HOW TO COMPLETE THIS TASK:
Could you reproduce every entry as it stands, leaving the pictures behind?

Segment Start: GIVEN DATA

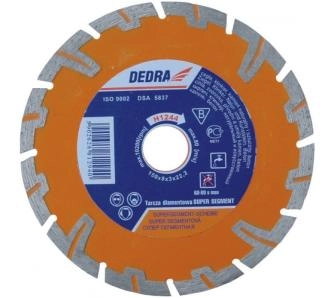 Tarcza do cięcia Dedra H1242 115mm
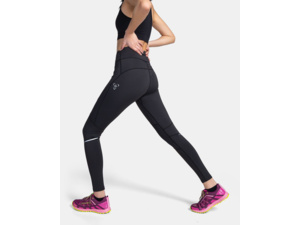 Dámské legíny KILPI Lamirae Black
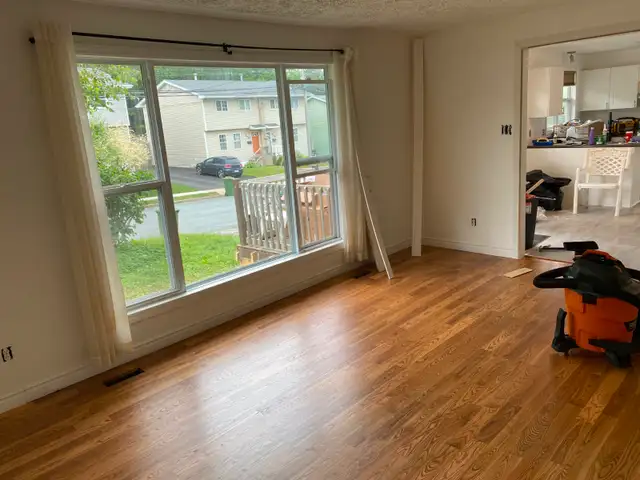Four Bedroom, Two Bath Home for Rent in quiet Lower Sackville - Photo 4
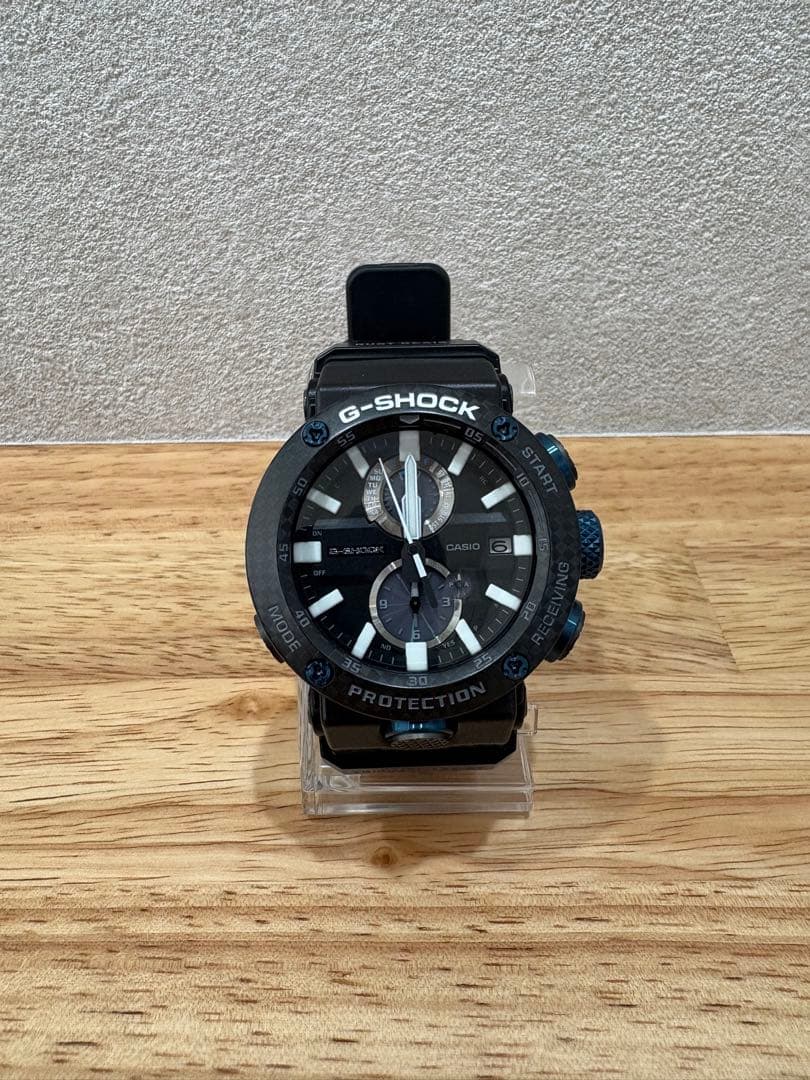時計 G-SHOCK GWR-B1000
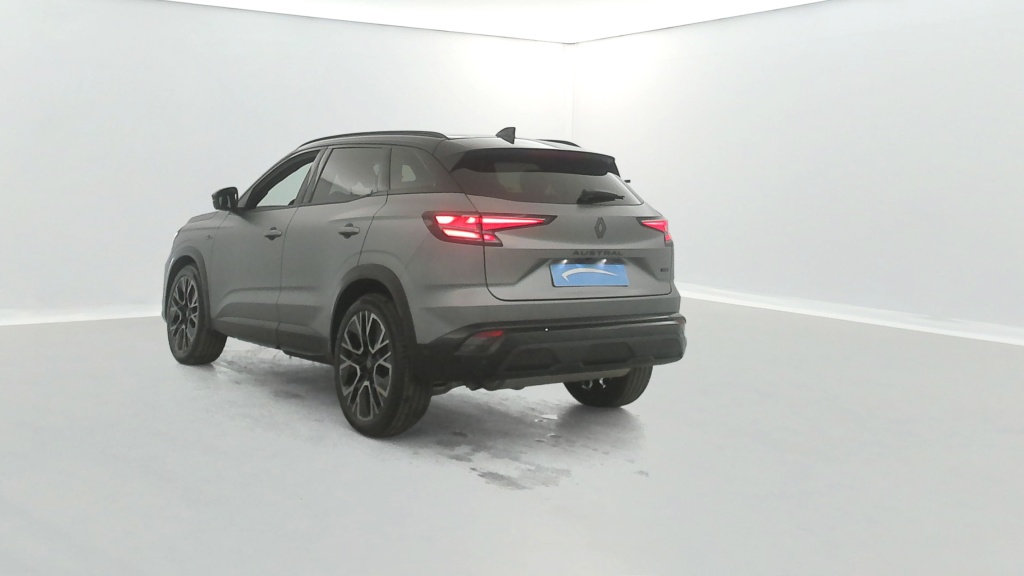 RENAULT Austral Esprit Alpine full hybrid E-Tech 200 ch - ref: 6-2971x257605 - Photo 3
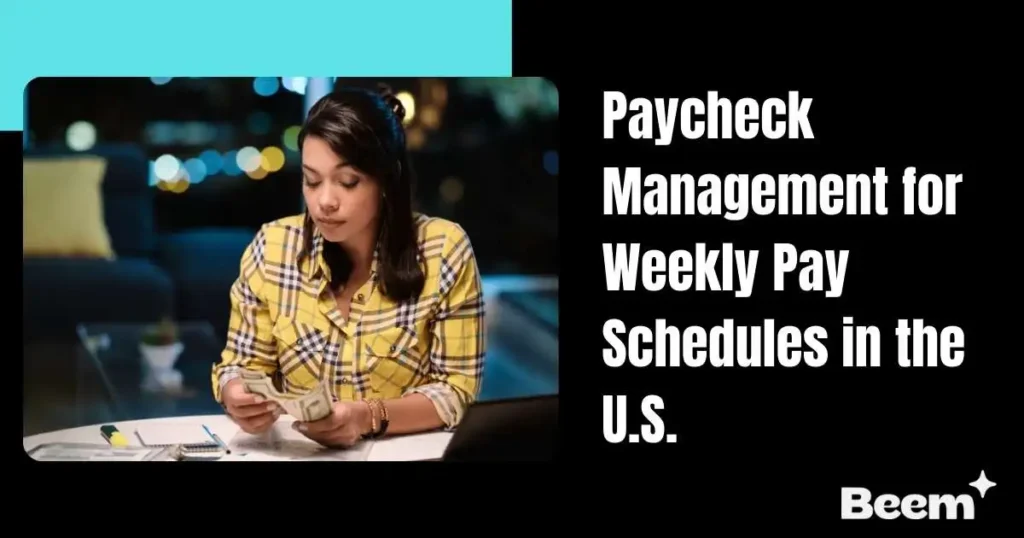Paycheck Management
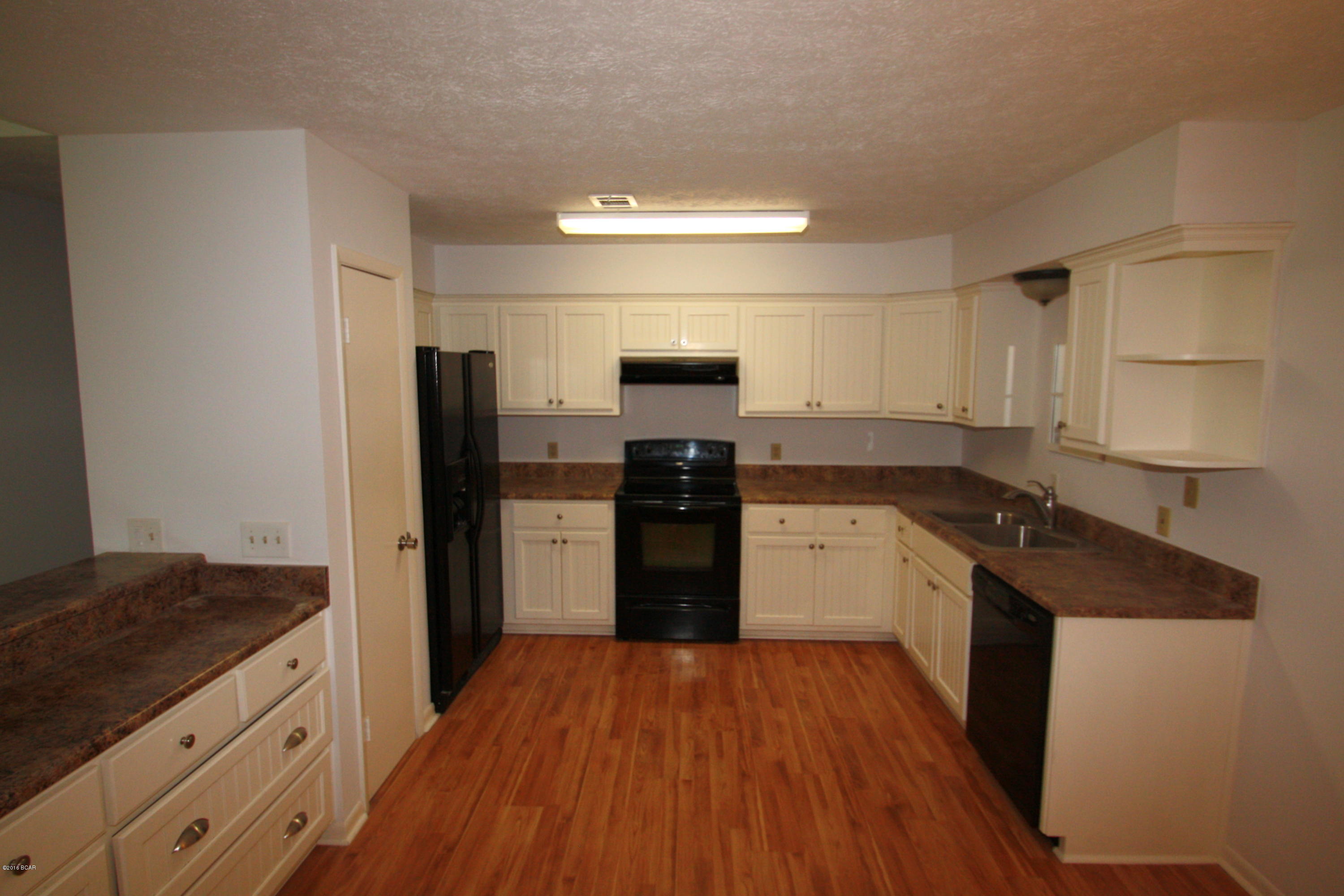 Forest Park Village - Residential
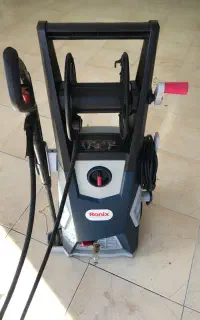 کارواش صنعتی ۱۸۰ بار رونیکس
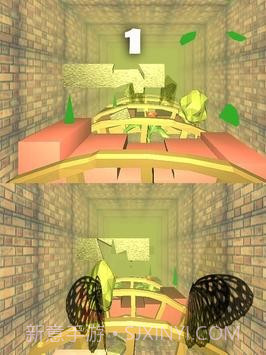 超级粉碎撞击截图1 超级粉碎撞击截图1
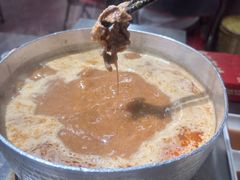 -燃计沙茶皇·香港沙茶火锅(人广旗舰店)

Segment End: GIVEN DATA

RESPONSE AREA:
 Tarcza do cięcia Dedra H1242 115mm
 Dámské legíny KILPI Lamirae Black
Four Bedroom, Two Bath Home for Rent in quiet Lower Sackville - Photo 4
時計 G-SHOCK GWR-B1000
 RENAULT Austral Esprit Alpine full hybrid E-Tech 200 ch - ref: 6-2971x257605 - Photo 3
Paycheck Management
 Forest Park Village - Residential
 کارواش صنعتی ۱۸۰ بار رونیکس
 超级粉碎撞击截图1 超级粉碎撞击截图1
 -燃计沙茶皇·香港沙茶火锅(人广旗舰店)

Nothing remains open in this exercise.